In two games, the Toronto Maple Leafs are 2-0, and while it’s early and we should probably just be happy with the results, there are some pretty concerning things going unnoticed due to all the scoring.
First of all, the Leafs needed an I’ve-been-watching-hockey-my-entire-life-and-have-only-seen-it-once-or-twice two goals with the net empty to beat Montreal, who is likely going to be in competition with San Jose for the worst team in the NHL this year.
Secondly, Minnesota was the way better team on Saturday night, and if things were fair they would have received the two points. The Wild had nearly 60% puck-possession and 60% of the scoring chances, while the Leafs scored on nearly 20% of their 5v5 shots. (stats naturalstattrick.com).
Toronto Maple Leafs Are Fun, but Playing With Fire
The Leafs are scoring on 16% of their shots so far this year. All 31 NHL teams finished last season scoring on between 8 and 11% of their shots.
Obviously Auston Matthews is off to a good start, but 46% is a bit high and if he’s shooting at his normal rate, the Leafs are 0-2.
Ilya Samsonov has been atrocious. He is a Joseph Woll shut-out in the next game away from losing starts.
After two games, four of the Toronto Maple Leafs six defenseman are under water in puck-possession metrics. Only Rielly is winning his minutes by actual results, but by expected goals, four of the six defenseman are above the 50% cut-off when it comes to expected-goals.
The biggest problem has been the Klingberg and McCabe line which is getting completely destroyed every time they hit the ice.

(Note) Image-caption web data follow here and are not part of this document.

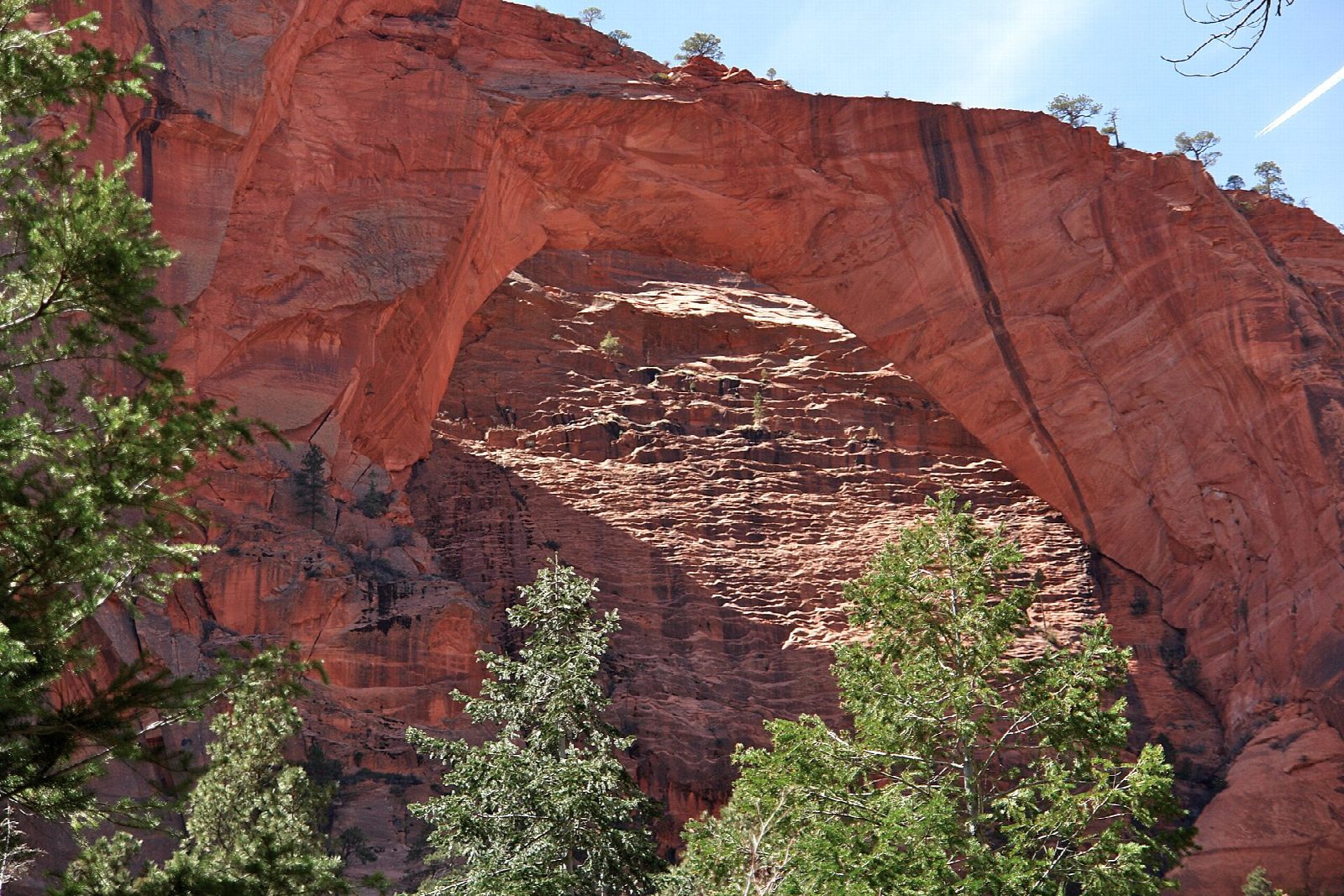 Kolob Arch from Lee Pass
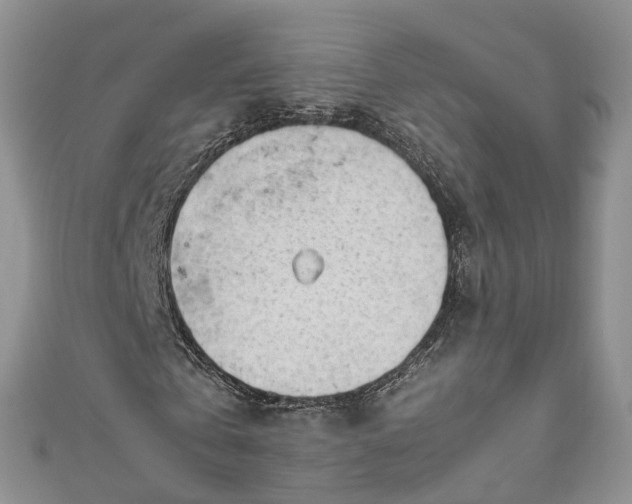 X0000111010769200906261519
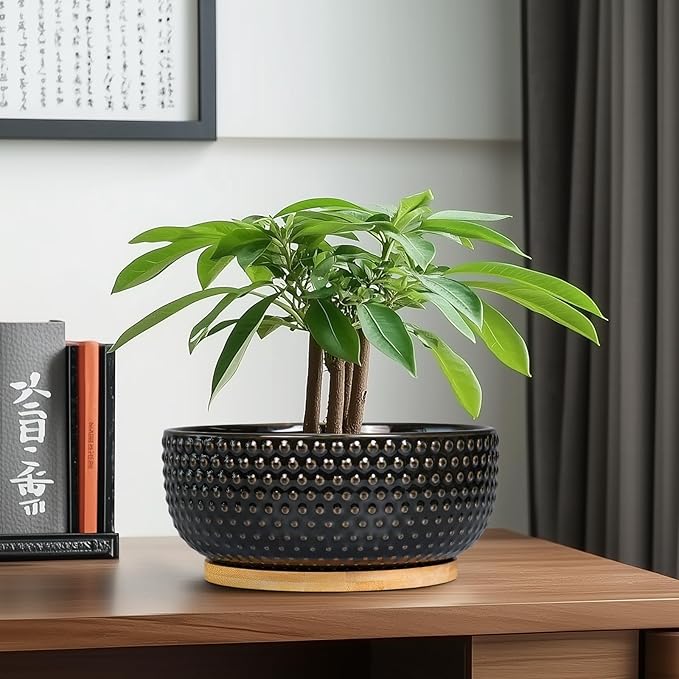 Bonsai Tree Pot - 8 Inch Ceramic Succulent Planters with Drainage and Plant Tray, Boho Round Shallow Bowl for Indoor Plants, Office Decor, Housewarming Gift, Black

After two games, McCabe has been on the ice for five goals against and one for.
McCabe and Klingberg are losing their minutes by a lot, and they currently have 36% and 37% expected goals, respectively.
The Leafs need to change this immediately because so far it’s the worst top-four in the NHL.
Overall, the game against the Wild was a rough night for almost all the Leafs newest additions. Ryan Reaves was horrendous, with the Leafs getting just 4 shot-attempts with him on the ice while allowing 18.
Noah Gregor was not better, finishing with a 24% Xgoals rating. Klingberg obviously stunk, and the Leafs were completely dusted whenever Domi was on the ice.
While Bertuzzi scored, even he was below 50% in all relevant on-ice stats.
The Toronto Maple Leafs won, and that’s all that really counts, but underneath all the goal scoring is a team that had trouble beating Montreal and who deserved to lose to the Wild. Going forward, they won’t score this much most nights, so if they continue to play this badly they will have a losing record.
I don’t expect them to, but it is possible. Clearly, after two nights, no one can say that the blue-line wasn’t every bit the problem we predicted it would be in the off-season.